Configuration of user environment is probable the closest thing to profiling the regular user comes. I.e. the user chooses background image and other desktop specifics, in applications the user chooses which tools to be visible and similar stuff. This is just personalization of the tool, intended to let the user feel more comfortable and hopefully also interact more efficient.
Taking a step further to allow profiling to simplify the task performed in the tool is another matter. For this to work in general some understanding of the task from the profiling software side is required. This is in general to hard and is closely related to the field of Artificial Intelligence. Intelligen Tutoring Systems (ITS) is a subset of the AI-field that deals mainly with user modeling and how to design clever (heuristicall or statisticall) algorithms that extrapolates and guesses what the next step in the learning process should be.
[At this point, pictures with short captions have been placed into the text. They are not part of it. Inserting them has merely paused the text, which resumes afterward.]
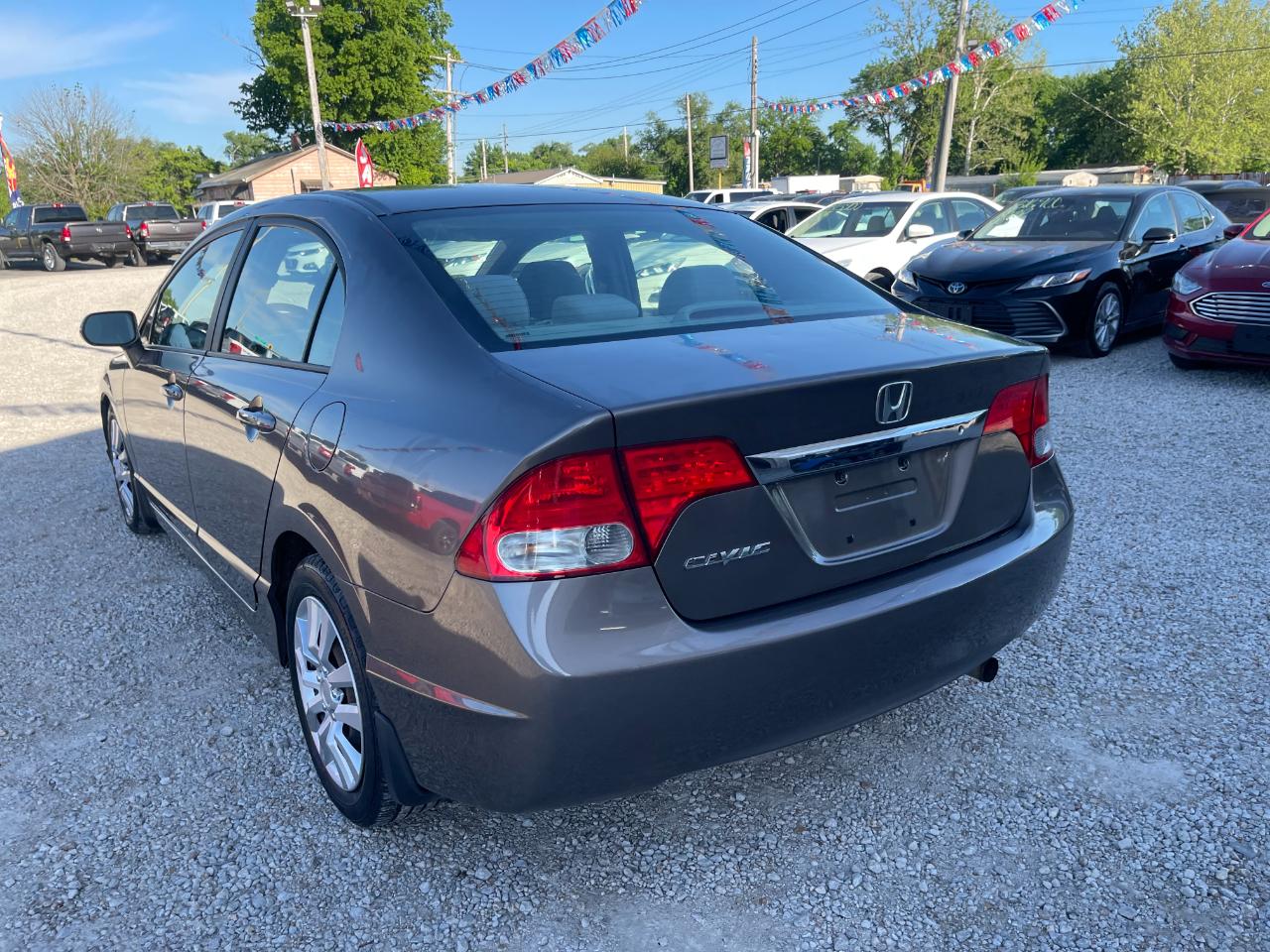 Honda Civic LX Sedan 5-Speed AT 2011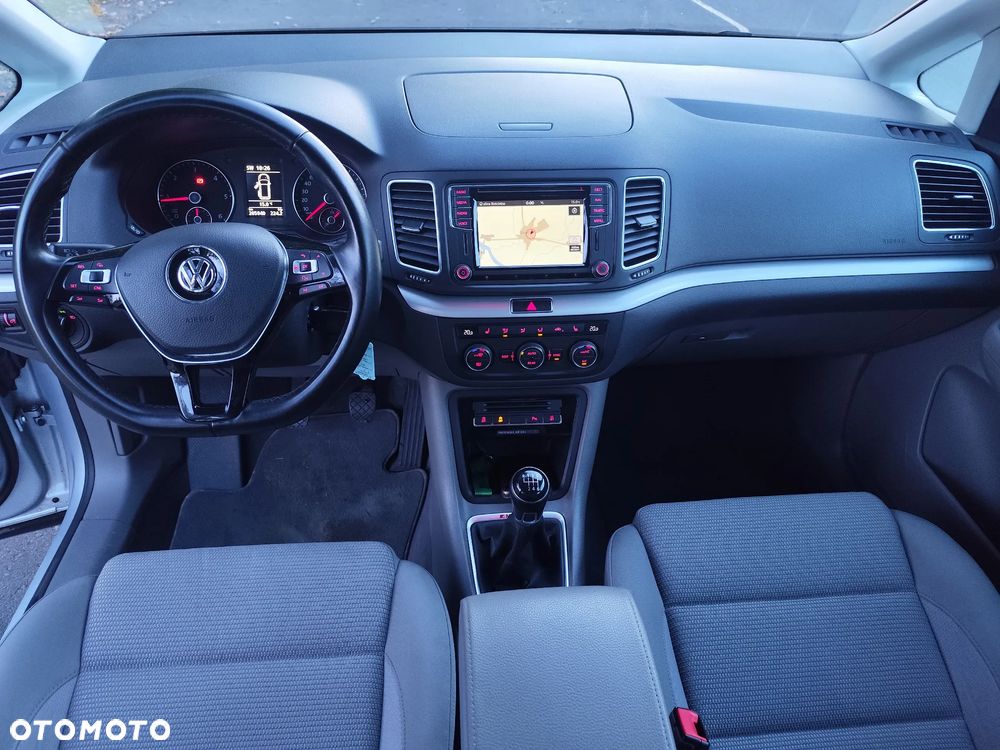 Volkswagen Sharan - 11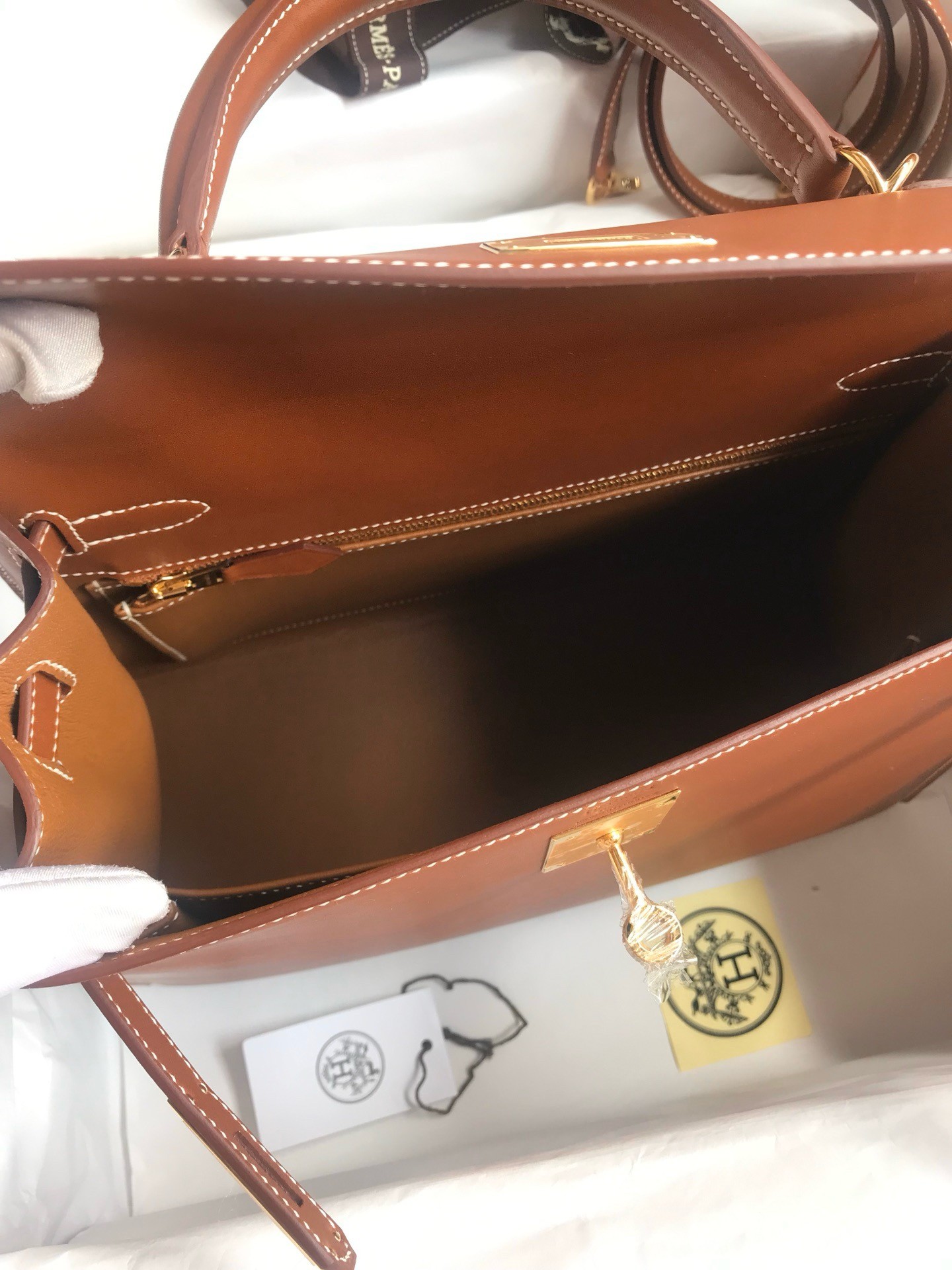 H**mes kelly sellier 28 handmade bag in gold barenia calfskin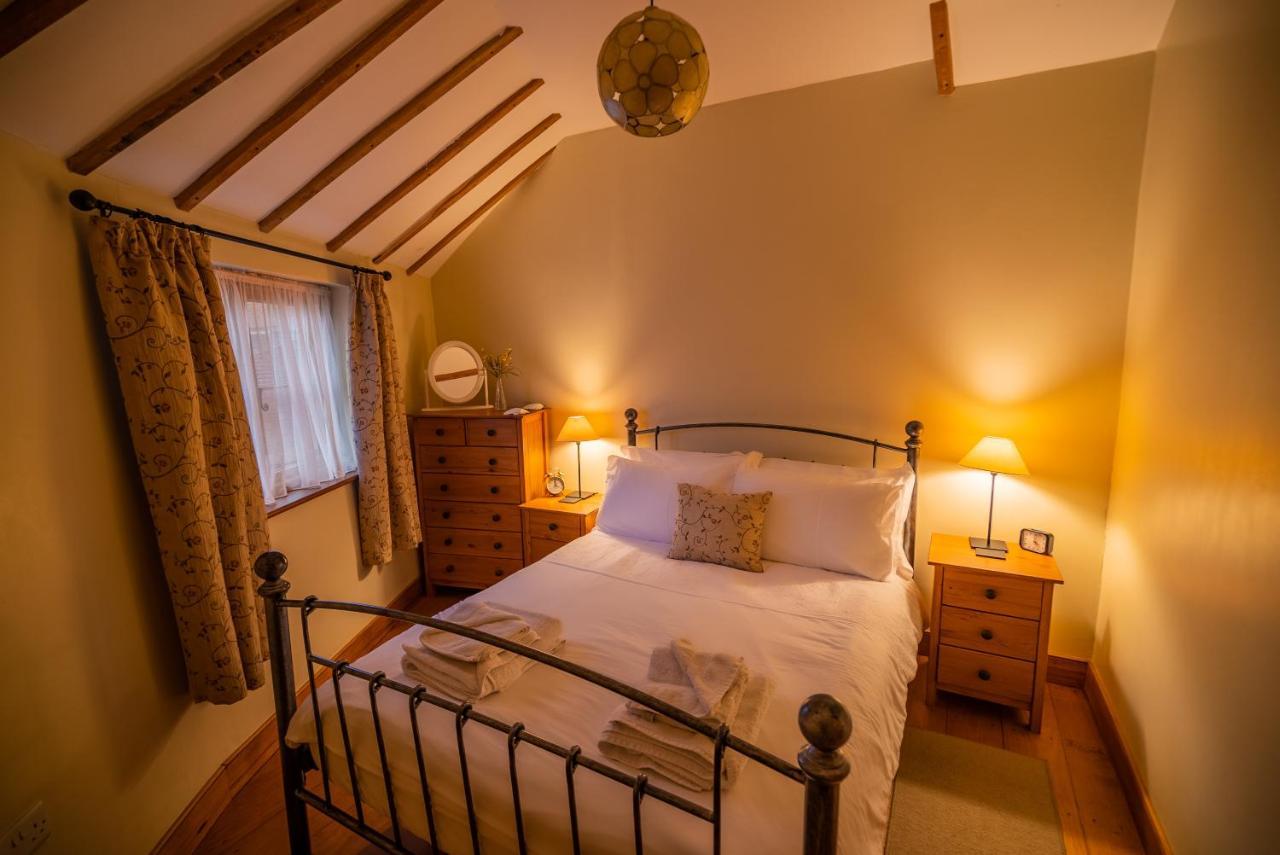 All Seasons Cottage Breaks Saxmundham Exteriör bild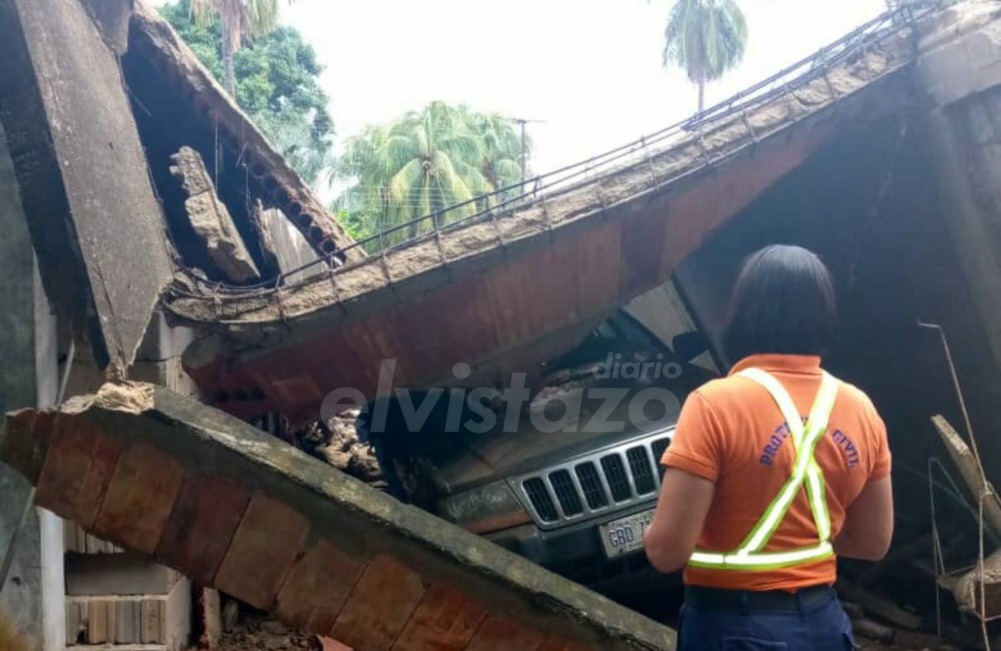 Colapso de un garaje en vivienda de Anaco también causó daños en una camioneta Grand Cherokee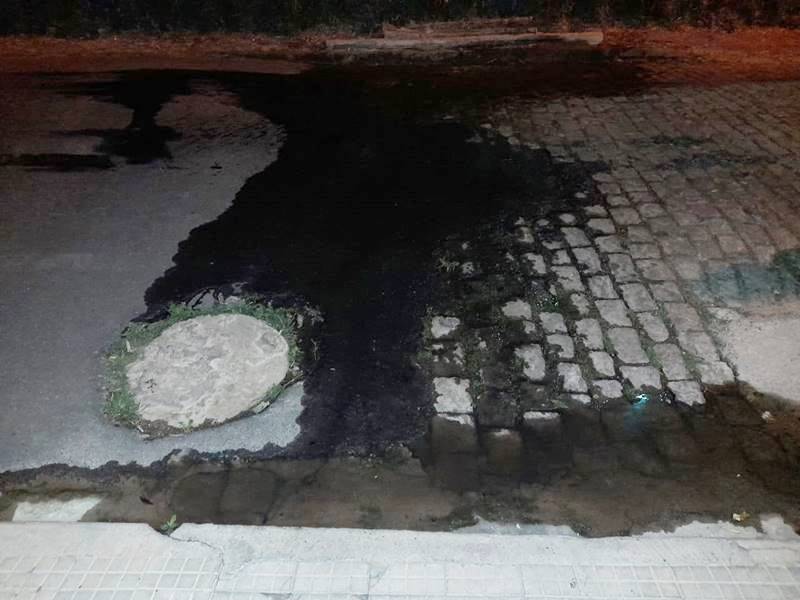 Vazamento de esgoto na Rua Coronel Marco Aurélio em Leopoldina incomoda moradores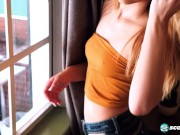 Scarlett Fall Shows Off Her Body 7/16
Today there is various attempts to attac thess problems, P3P and VCard ar just to examples of standards that are relevant for expressing personal preferences as well as vital user information.
This project focuses on investigating how to do profiling in an information search, retrieval and presentation aspect. Together with emerging semantic web techniques this restricts the general problem to a manageble size. The idea is not to do the final solution but rather investigate existing standards and techniques that could be used and provide a basic pluggable architecture where different profiles and strategies could be tested.
Conzilla have some features that could be used, actually the filtering fetures could be used as a starting point for simple profiling. The meta-data support should definitely be used and applied on the user as well, maybe use VCard for a start.
A closely related approach would be to use the query capabilities, i.e. adapt or extend queries depending on the user profile. Some thought has to be put into the differences between querying, filtering and adaption. There is strong connections to the context-search project, i.e. searches being adapted in a way that depends on the context.